There are several limitations to this study. First, this was an observational study, so results can only show the effect of blood components as administered by the MHPs in our institutions. Patients received different blood components across the different PRBC intervals and were more likely to receive 1:1 FFP:PRBC ratio between PRBC units 8 and 12. These interval cohorts may be influenced by confounding from our transfusion protocols and practices, rate of blood loss or early hemorrhage control. The effect of immediate balanced transfusion therapy with plasma, platelets and RBCs was not evaluated in the present study. Randomized control trials of plasma and other blood component therapies in TIC are highly warranted [19]. While we aimed to reduce the impact of survival bias in this study, there may still be differences in these parameters that may have influenced the observed efficacy of the component therapies. Furthermore, patients that bleed at a higher rate are more likely to have worse coagulation profiles during resuscitation. Precise timing of hemorrhage control is difficult to ascertain; therefore, we used completion of PRBC transfusion as a surrogate measure for control of bleeding. We did not examine the fibrinolytic component of TIC in this study, although from 2010 and the publication of the CRASH-2 trial, major hemorrhage protocols at all sites specified early administration of tranexamic acid. Finally, 28 patients were impossible to sample as the high rate of transfusion meant we were unable to sample every 4 U of PRBCs; this is clearly an important group of patients who we were not able to study.
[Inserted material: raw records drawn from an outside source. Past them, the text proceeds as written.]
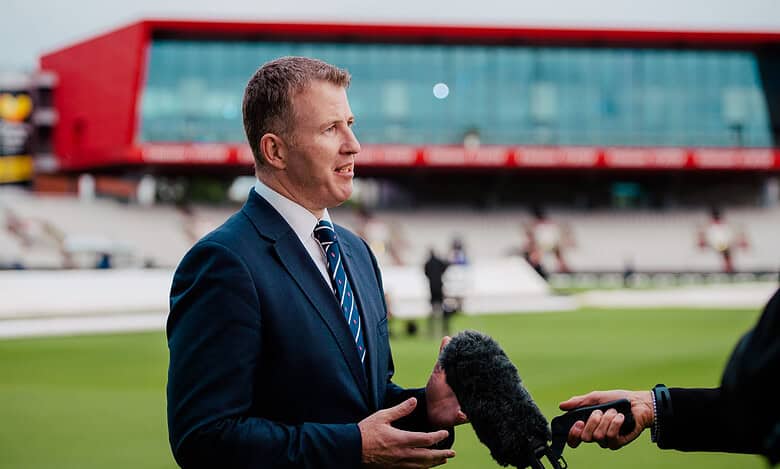 Daniel Gidney being interviewed at a sports stadium before his retirement.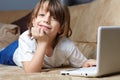 6 year old boy lying on the sofa with his laptop Royalty Free Stock Photo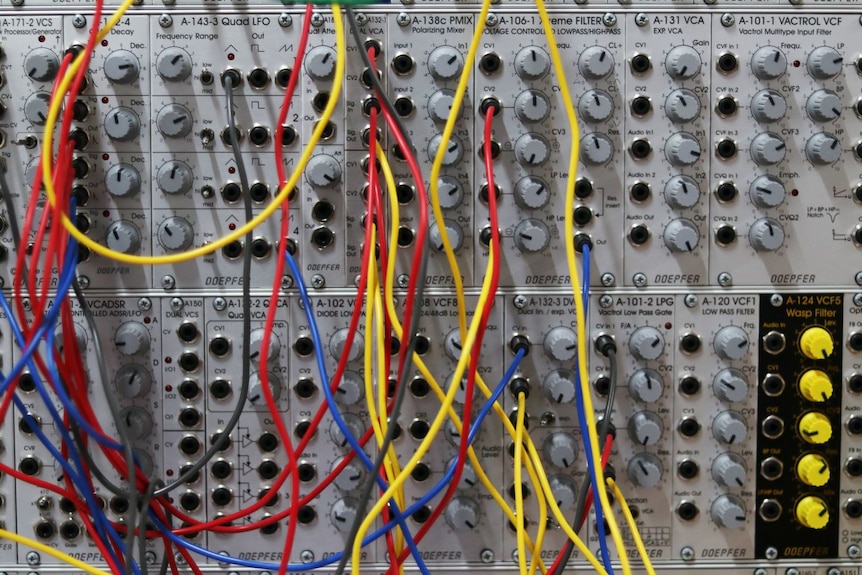 Red, yellow and blue cords and dials on electronic music equipment.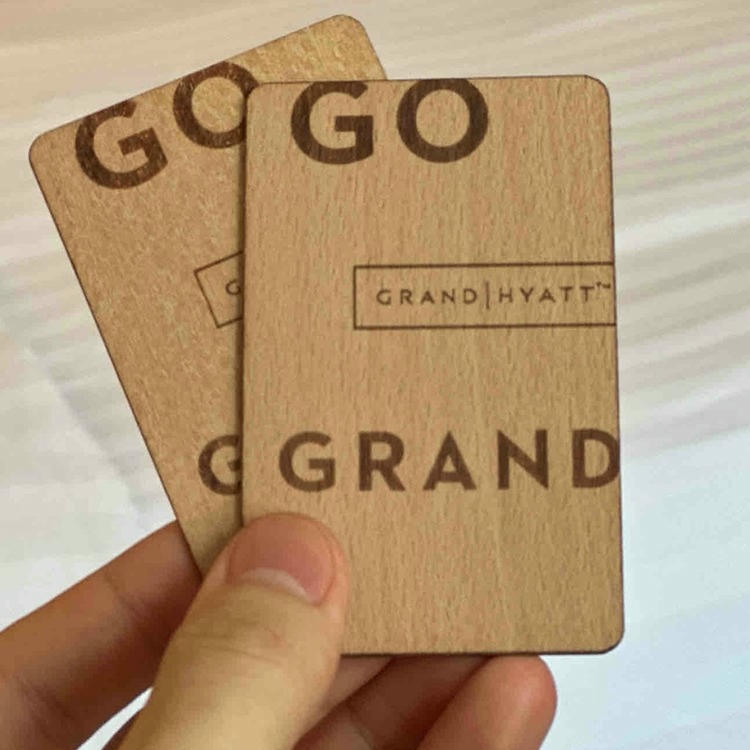 Os cartões personalizados de madeira de tília são apresentados como cartões-chave em um ambiente hoteleiro sobre uma mesa com um bloco de notas.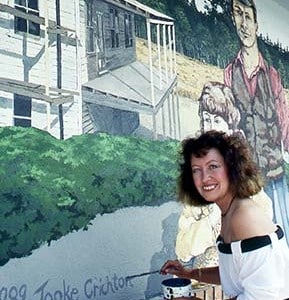 Artist painting a mural outdoors.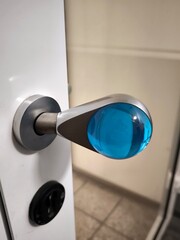 Modern door handle with blue transparent ball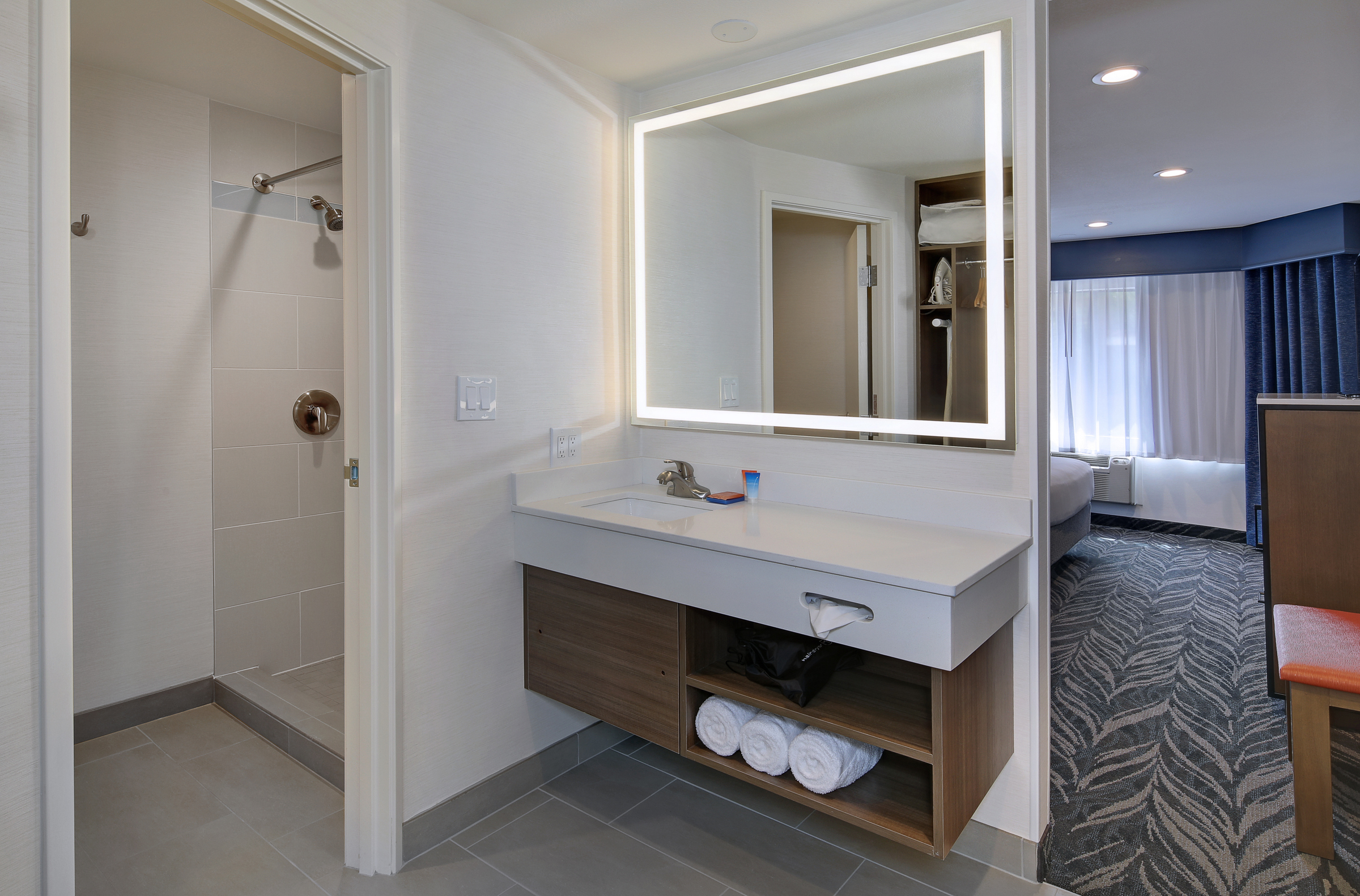 A hotel bathroom with a sink, mirror, and shower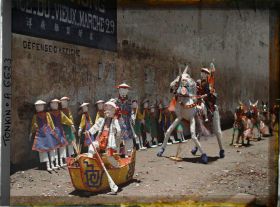 Image représentant Une exposition d'objets votifs en papier (barque, cavalier, personnages...), à l'angle de la " rue du Vieux Marché " et de la " rue des Médicaments "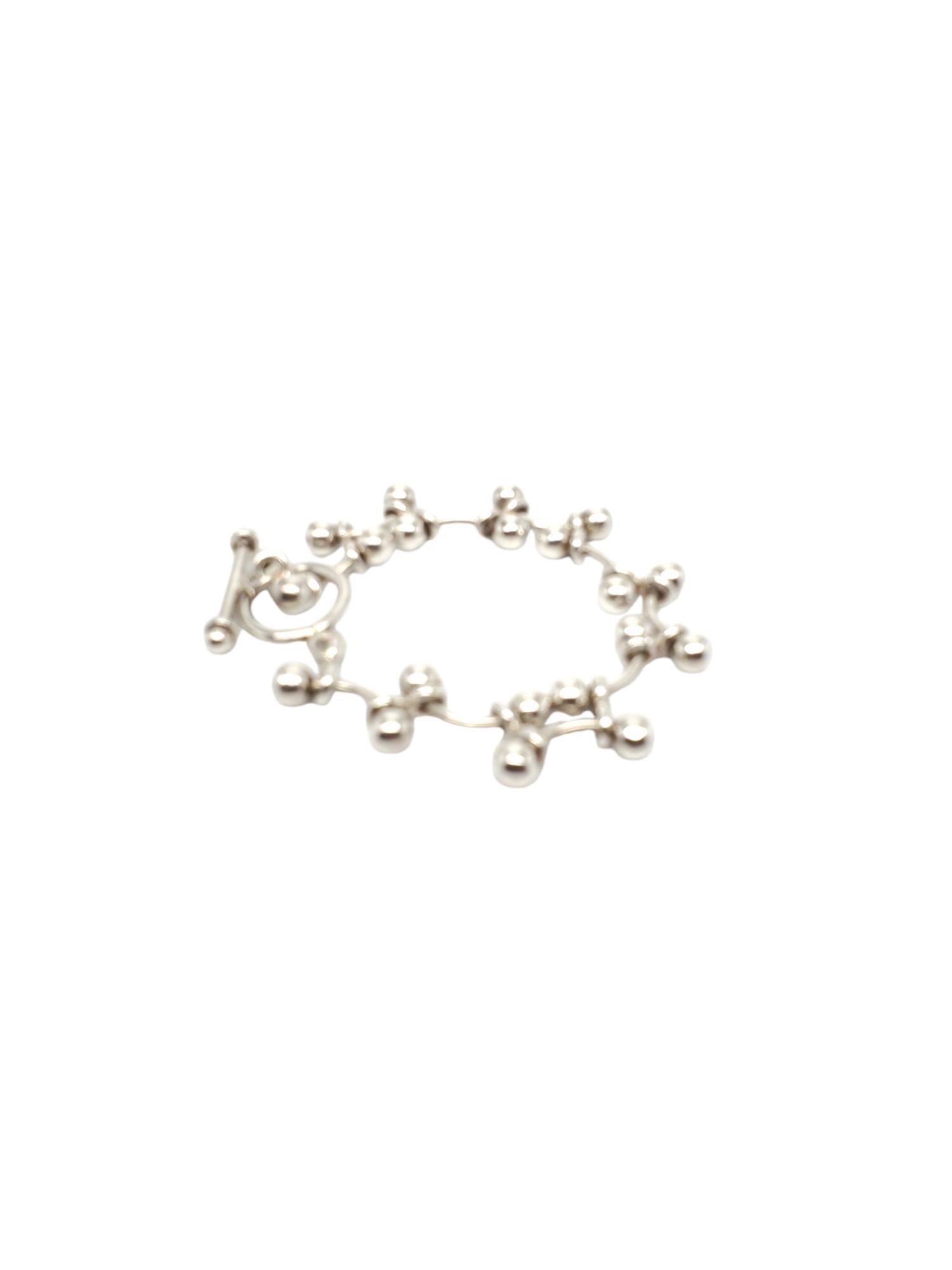 Perlina a barretta in argento sterling Silpada  Braccialetto A Link.

Questo braccialetto Silpada è realizzato in argento sterling con maglie a barre intrecciate.

Dimensioni: 8 pollici

Timbrato: SILPADA 925

Peso: 19,2 dwt / 29,9 gr.

Ottime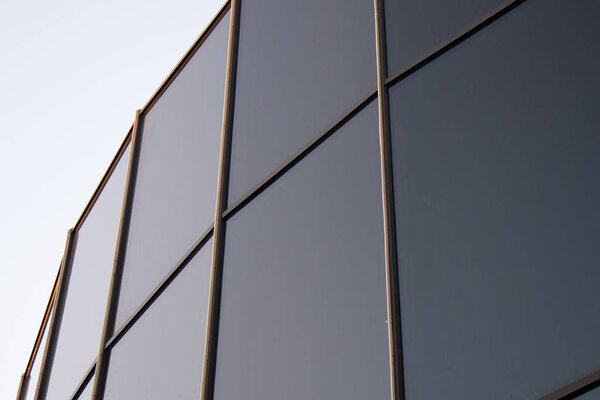Glass architecture. Double-exposure tilt photo of contemporary office building facade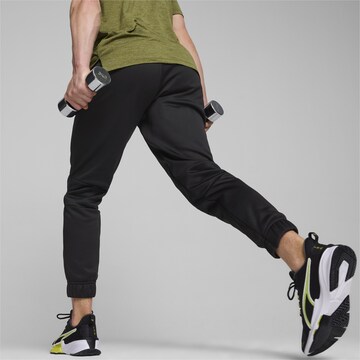 PUMA Tapered Sportbroek in Zwart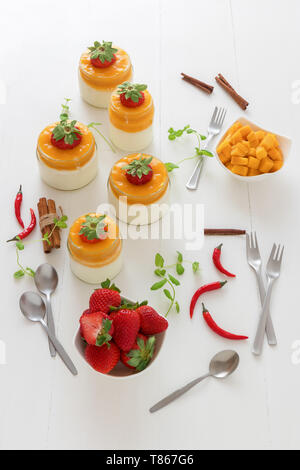 Traditionelle italienische süßes Dessert Panna cotta mit Mango Gelee mit Hauch von red hot chili Piri-Piri in Töpfen auf weissem Holztisch und embellis serviert. Stockfoto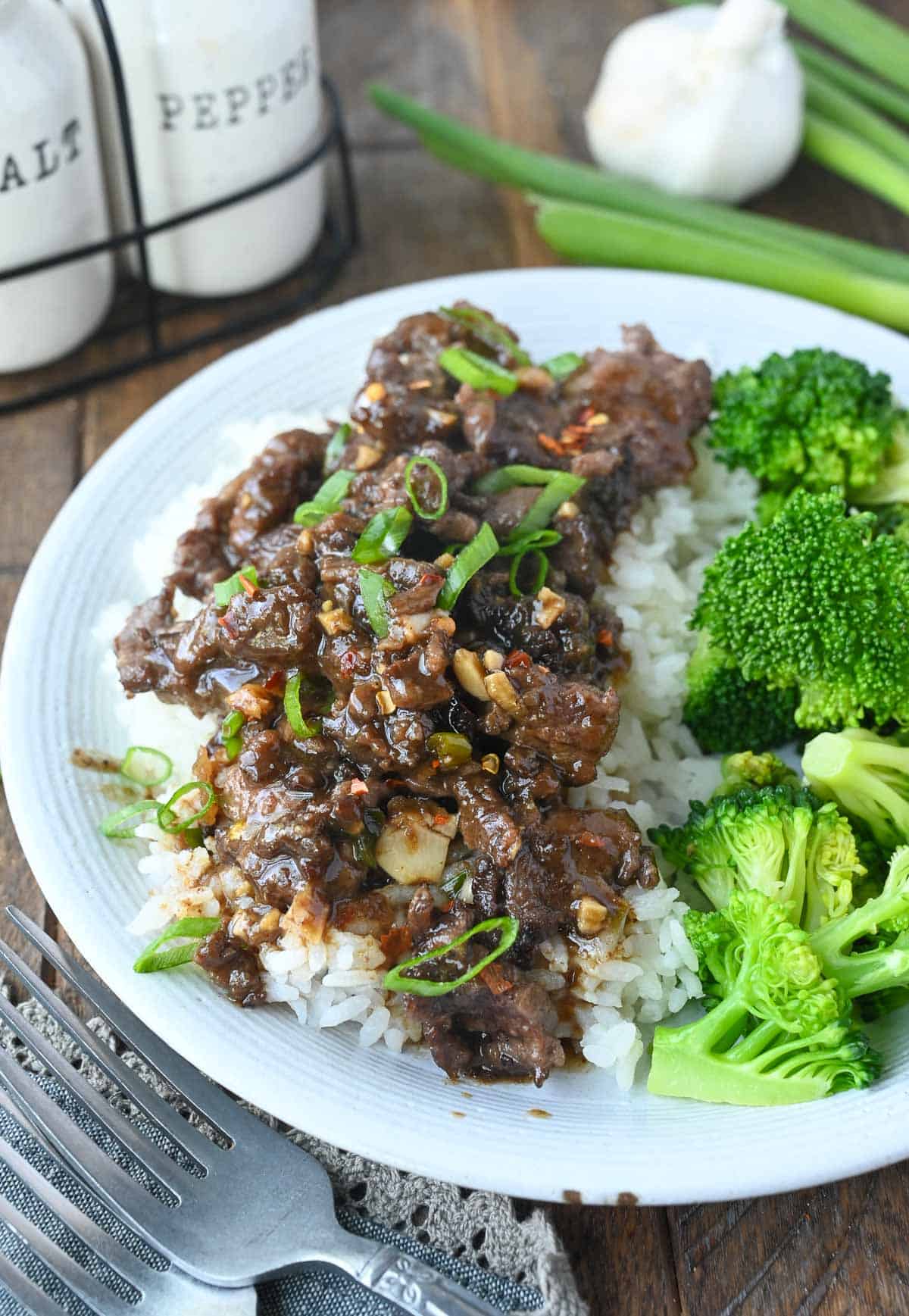 Mongolian beef on top of white rice with a side of broccoli.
The purpose of this study was to address the knowledge gap that exists regarding the efficacy of blood component therapy on TIC during active bleeding. We have shown that severely injured trauma patients were coagulopathic on arrival to the ED and that coagulopathy worsened during hemorrhage and damage control resuscitation. Early replacement of increasing doses of plasma and average doses of other blood component therapy had little effect on the deranged ROTEM coagulation parameters or coagulation factor concentration during the acute phase of care. Better understanding of the pathogenesis of TIC is required to delineate the limitations of current damage control resuscitation strategies in the treatment of major trauma hemorrhage and identification of novel therapeutic targets. There is an important opportunity to improve the efficacy of damage control resuscitation by improved management of TIC during hemorrhage.